Republicans push vote for key immigration bill into next week
Republicans — in a last minute decision — decided to postpone a vote on a comprehensive immigration bill for the second time in less than a day, a sign of the struggles leaders are having to unite the conference on such a contentious topic.
An aide told CNN that the plan is for members to work over the weekend to try to craft a bill that can gain more support next week.
“There’s active negotiations,” said Rep. Joe Barton, a Republican from Texas. “They are just going to try and take (it) and add a few things to it to get another 20 votes.”
According to two people in the room, the decision to postpone the vote came in the final 20 minutes of the conference meeting when many of the members had already left. Majority Whip Steve Scalise and Majority Leader Kevin McCarthy “saw a potential opening” in the discussions, per one person. The decision was made to try to make something happen in the days ahead.
“It was a well-attended conference where it gave our entire conference an opportunity to have a full discussion on these very important issues,” said Rep. Jeff Denham, a Republican from California who has worked with lawmakers for weeks on compromise legislation.
“While we’ve all been in negotiations the last several weeks, we feel like we’ve continued these good discussions on, but two new issues came up. We’re having a discussion about E-verify and ag jobs, two more very important issues that we have yet to discuss so far, so we’re going to spend the weekend and delay a vote until next week and see if we can come to a compromise on those two final issues,” he added.

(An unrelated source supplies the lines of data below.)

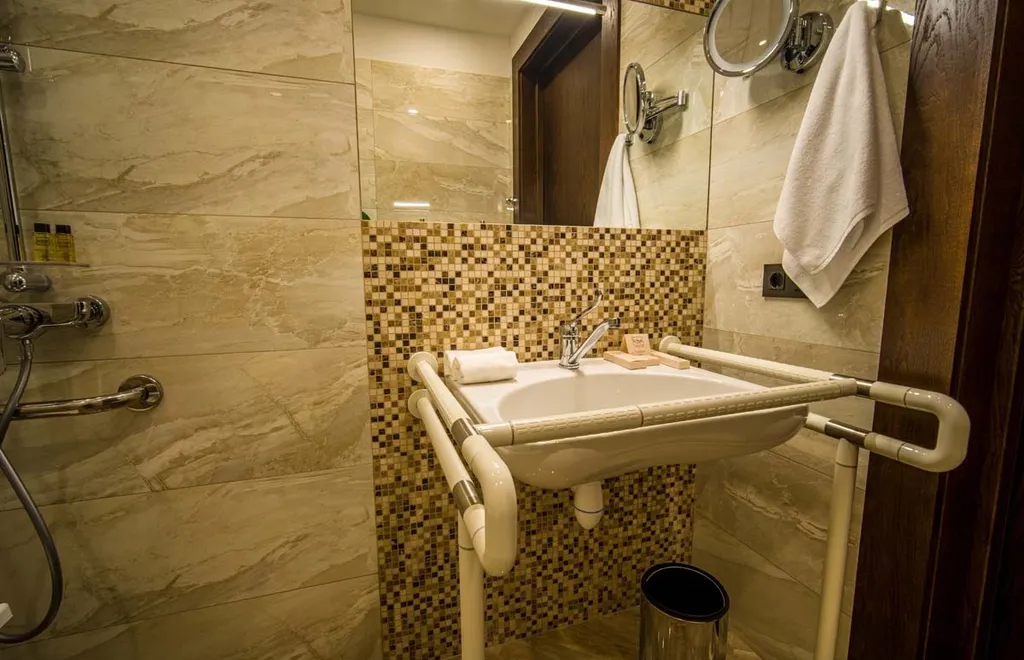 Двухместный номер с 2 отдельными кроватями для маломобильных — Forrest Terrace 5* — фото 5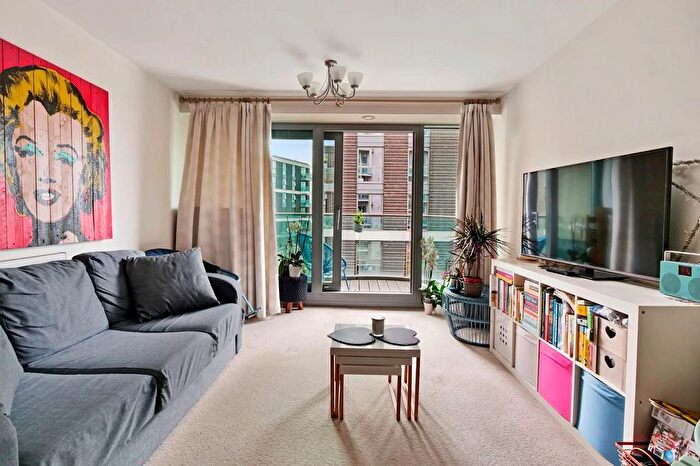 1 Bedroom Flat To Rent In Bridges Court, London, SW11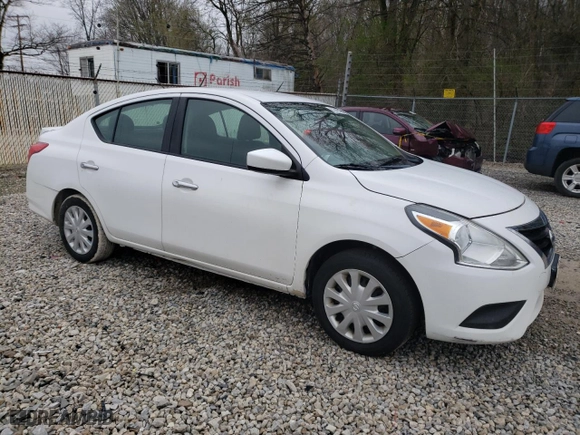 2017 Nissan Versa Sedan SV with VIN 3N1CN7AP6HL863082, listed as a Copart auction lot 52748375 with 92,449 mi miles and Clean Title. Bid and sale history available at carsss.com. Image 4.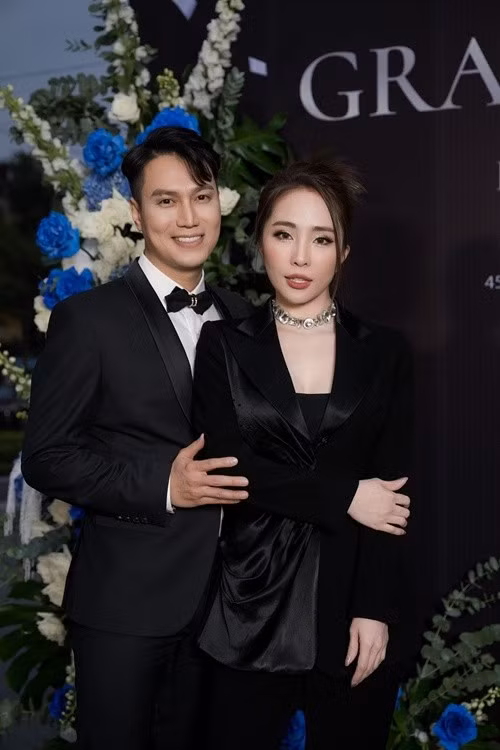 Mới đây, cư dân mạng lan truyền hình ảnh Quỳnh Nga và Việt Anh cùng nhau tới một phòng khám. Một số cư dân mạng đoán già đoán non nữ diễn viên đi khám thai trước khoảnh khắc Quỳnh Nga được cho là cầm kết quả siêu âm. Ảnh: Vũ Toàn.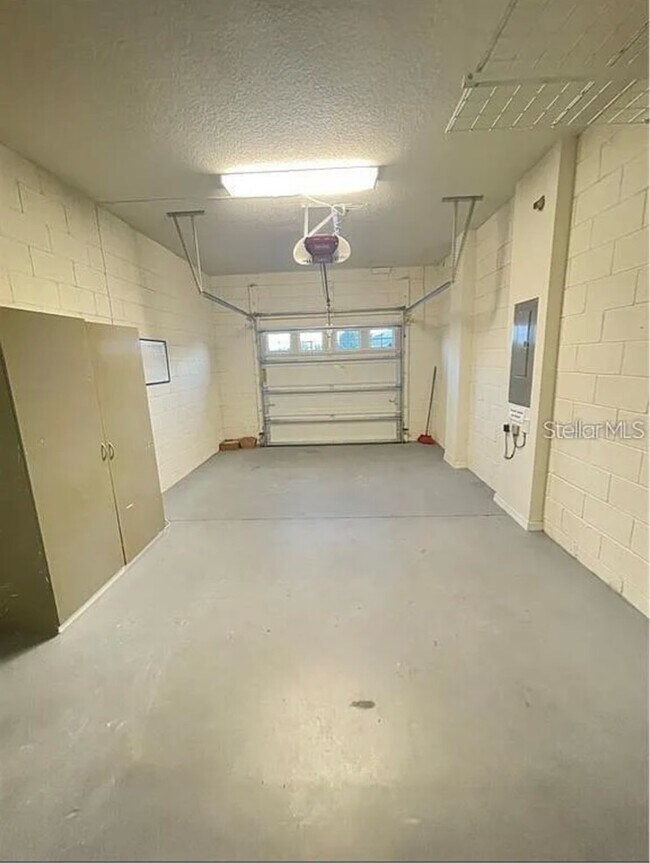 Building Photo - 16525 Outter Grv Aly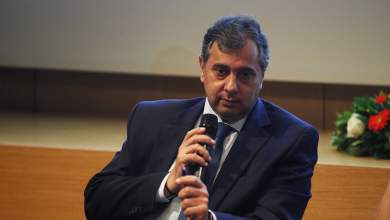 me-paremvasi-megaloy-paragonta-toy-peiraia-i-aposyrsi-tis-ypopsifiotitas-korkidi-0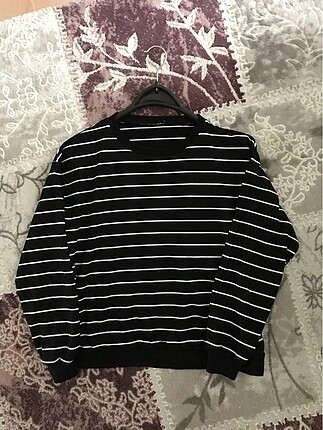 Çizgili sweatshirt ve bordo sweatshirt takas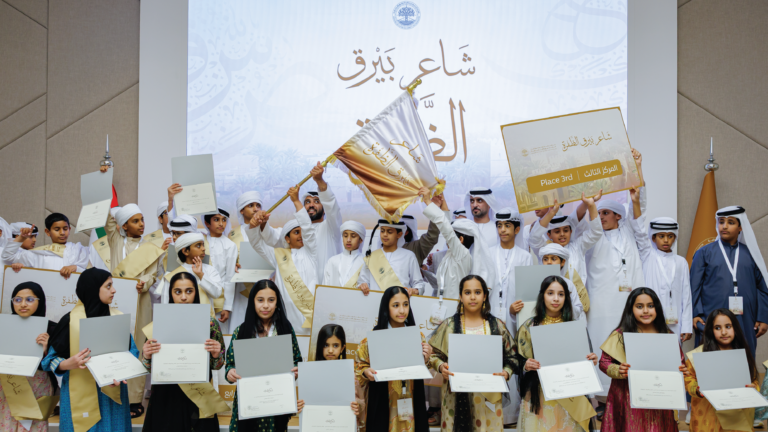 جامعة-محمد-بن-زايد-للعلوم-الإنسانية-تختتم-مبادرة-“شاعر-بيرق-الظفرة”-بدورتها-الأولى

For days, aides and members had been trying to tamp down expectations for the compromise vote, noting that the most important thing was to put a bill on the floor to assuage concerns of House moderates rather than actually pass something, but the move Thursday night suggested that there was still more work to be done. And the optics became more complicated for leaders Thursday when the conservative immigration bill — the one that members had said would not have the votes and shorthanded as the Goodlatte bill after Rep. Bob Goodlatte of Virginia — earned more votes than expected although it still failed.
The announcement that the vote was postponed came at the end of two-hour conference meeting where members went point by point through the massive immigration bill.
“I think the fact they’re going through the bill section by section at 5:15 p.m. the day before the bill is going to be voted on is indicative of there is more work that needs to be done,” Nevada Republican Rep. Mark Amodei said before the bill was postponed.